● What you will do
Omitting all pictures, print the lines of the listing from the one containing "Produkt Gałązka szparaga" through the final line, both ends included, with no other text.

------------------------------------

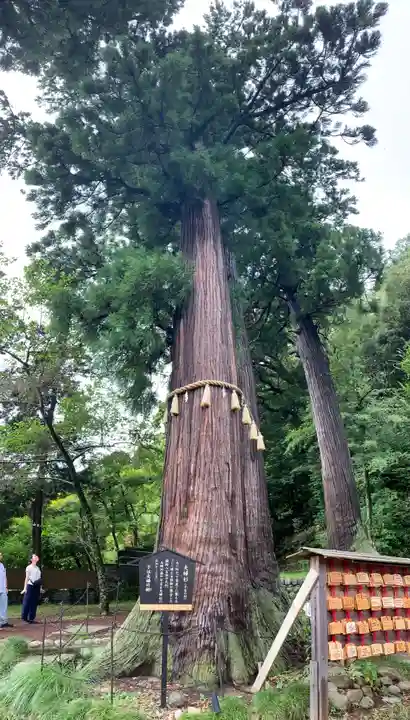 日枝神社の自然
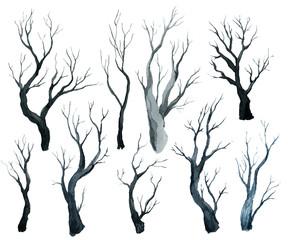 gray black black forest, trees and branches, watercolor hand drawing - 343748358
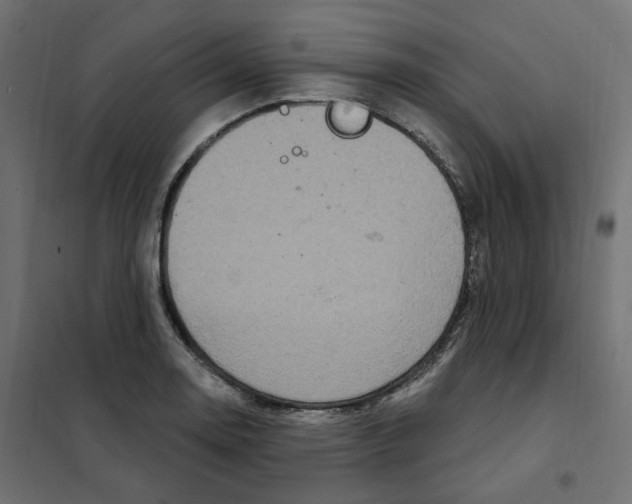 X0000102041130200808081829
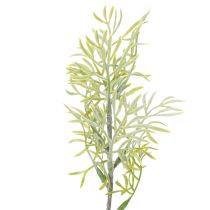 Produkt Gałązka szparaga ozdobna, naturalny dodatek do bukietów, 34 cm, 7 sztuk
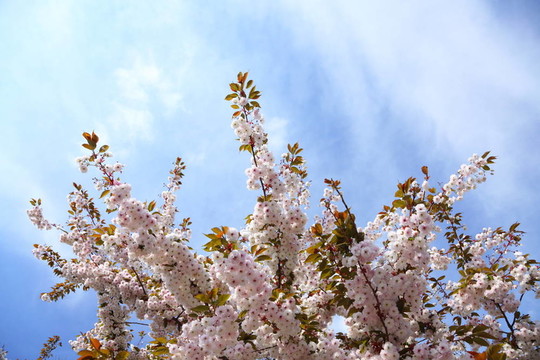 蓝色天空中的樱花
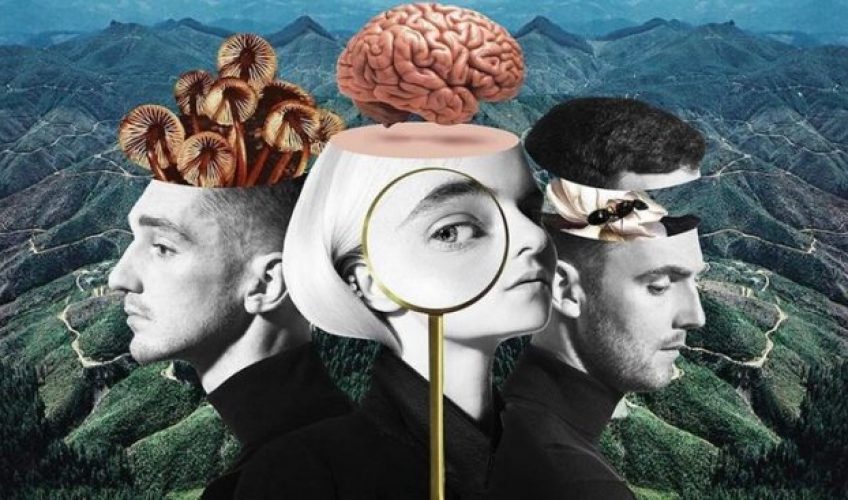 Η βιομηχανία hit singles που ακούει στο όνομα Clean Bandit κυκλοφόρησε το album What is Love, το οποίο περιέχει τα μεγάλα hit singles των τελευταίων 2 ετών.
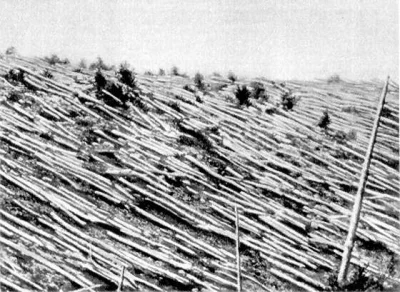 Cz_zalajk - Syberia 1908 rok - zniszczenie 9 milionów drzew w promieniu 40 km, łuna ś...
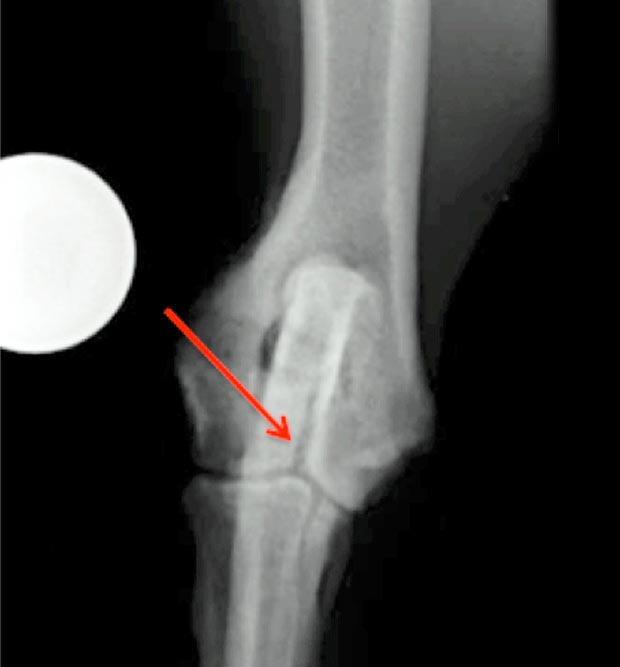 Figure 2. Craniocaudal radiograph of the right elbow showing the presence of a humeral condylar fissure.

------------------------------------

● Answer box
 Produkt Gałązka szparaga ozdobna, naturalny dodatek do bukietów, 34 cm, 7 sztuk
 蓝色天空中的樱花
 Η βιομηχανία hit singles που ακούει στο όνομα Clean Bandit κυκλοφόρησε το album What is Love, το οποίο περιέχει τα μεγάλα hit singles των τελευταίων 2 ετών.
 Cz_zalajk - Syberia 1908 rok - zniszczenie 9 milionów drzew w promieniu 40 km, łuna ś...
 Figure 2. Craniocaudal radiograph of the right elbow showing the presence of a humeral condylar fissure.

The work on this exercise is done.